Dentre as dez faixas presentes no “Éxtimo”, “Parece” me chamou a atenção por sua atmosfera pesada e urgente; parece um lembrete sonoro de que o álbum é pesado, apesar de algumas melodias mais pop. Pode falar um pouco sobre ela.

Adorei que você tenha decidido falar sobre essa música! Ela recebe pouca atenção, mas é a favorita de pessoas muito especiais.

“Parece” é a primeira música de todo o álbum em que falo no meu idioma nativo, ao invés de inglês, e a única coisa que digo é: “parece que nunca vai deixar de doer.” Essa frase eu escrevi anos antes de produzir o álbum, escrevi sentindo que jamais ia melhorar, me sentia escrava do meu estado mental, incapaz de querer estar viva, queria desistir. A imagem que isso tinha na minha cabeça era como se eu estivesse submersa em uma banheira que estava se enchendo sozinha, com meu corpo imóvel. Sempre imaginava que, ao me afundar na água, ela se transformava em um oceano, que eu ficava sem ar, e que ali tinha que me debater e lutar pela minha vida até tirar a cabeça da água e recuperar o ar. Para mim, isso é a depressão: uma imobilidade fria e pesada, parece um afogamento, aperta o peito. “Parece” foi uma tentativa de reproduzir essas imagens através do som; Como soa para mim o afundamento? Como soa a imobilidade, ou o desistir? Foi um dos processos mais experimentais de todo o álbum, trabalhamos a voz com um eco constante e repetitivo, que é a base de todos os outros sons, gravamos pássaros cantando perto do estúdio e fizemos samples de seus cantos para distorcer seus sons, até inserimos trechos de “Quisiera” e “Man” dentro dessa música, mas estão tão trabalhados na produção, tão destruídos, que são irreconhecíveis. Esse é um dado muito simbólico para mim, porque escrevi “Parece” quando ainda era parceira da pessoa para quem escrevi “Man”, e “Quisiera” é uma música que descreve como soa minha cabeça durante uma crise borderline. Então, para mim, esses sons de alguma forma acrescentavam contexto ao meu estado mental e emocional na hora de dizer: “acho que não há saída, parece que não vou ganhar essa batalha.

Como você menciona, é um lembrete dessa sonoridade mais intensa que o álbum propõe, já que nasce do desejo de criar um ambiente sonoro que remeta à minha mente nesses momentos de escuridão, crise e horror.

O Um Outro Lado da Música tem um quadro que se chama “Um Outro Lado Indica”. E eu quero saber de você, qual artista/ banda você indica para mim e para quem está lendo a entrevista!

Vou recomendar 4 artistas nacionais que admiro profundamente e que acho que podem interessar a vocês.

Minha primeira recomendação é: Rosa Moribunda.

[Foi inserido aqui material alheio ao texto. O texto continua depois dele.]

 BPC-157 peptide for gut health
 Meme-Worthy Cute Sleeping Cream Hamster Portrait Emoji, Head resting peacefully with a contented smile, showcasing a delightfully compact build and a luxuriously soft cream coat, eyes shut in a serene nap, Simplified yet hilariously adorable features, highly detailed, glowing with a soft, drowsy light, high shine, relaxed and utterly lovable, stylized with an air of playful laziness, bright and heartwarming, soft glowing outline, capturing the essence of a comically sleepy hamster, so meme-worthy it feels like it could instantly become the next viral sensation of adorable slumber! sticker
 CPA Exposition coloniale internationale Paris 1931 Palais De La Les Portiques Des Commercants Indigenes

A primeira vez que ouvi essa banda ao vivo, me senti grato por poder fazer música, com isso já digo tudo. Rosita é uma artista insana e sem medo, isso me encanta. A banda tem um som muito brincalhão, jazzístico e cheio de referências para os melômanos. Ouvi-los ao vivo é um grande presente, são músicos realmente prodigiosos.

Minha segunda recomendação é: Yamán Sapodrido. Essa é para quem ama metal. Suas letras são muito engraçadas e ousadas, adoro como ele grita e compõe. É um músico muito talentoso, mas também tem um carisma que torna seus shows ao vivo muito agradáveis, claramente nasceu para estar diante de uma audiência. E esse encanto não se perde em seus trabalhos de estúdio, se você ouvir com atenção, vai entender o humor desse artista.

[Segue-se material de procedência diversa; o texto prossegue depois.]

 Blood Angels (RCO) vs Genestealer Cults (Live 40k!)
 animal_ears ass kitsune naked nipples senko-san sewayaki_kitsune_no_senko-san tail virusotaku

Se você gosta das atmosferas etéreas de Virco e procura uma banda que contraste um som pesado com uma voz mais feminina e doce, recomendo Vestya. Acho que é o mais parecido que já ouvi com o que eu faço e agradeço muito por ter o privilégio de conhecê-los. Eles estão em processo de lançar seu primeiro álbum ao vivo, mas podem encontrar apresentações ao vivo no YouTube que são incríveis. Recomendo muito, porque a vocalista é uma performer incrível, muito física na sua forma de se expressar.

Minha última recomendação é uma das minhas bandas favoritas chilenas, é mais punk e também é liderada por uma voz feminina, se chama Estriba. Acho que, se você gosta de Kim Gordon, deveria ouvir essa banda. Além disso, acredito que tanto Estriba quanto Vestya são boas opções para quem gosta de shoegaze e post hardcore. Se existe um ponto médio entre esses dois mundos, são essas bandas.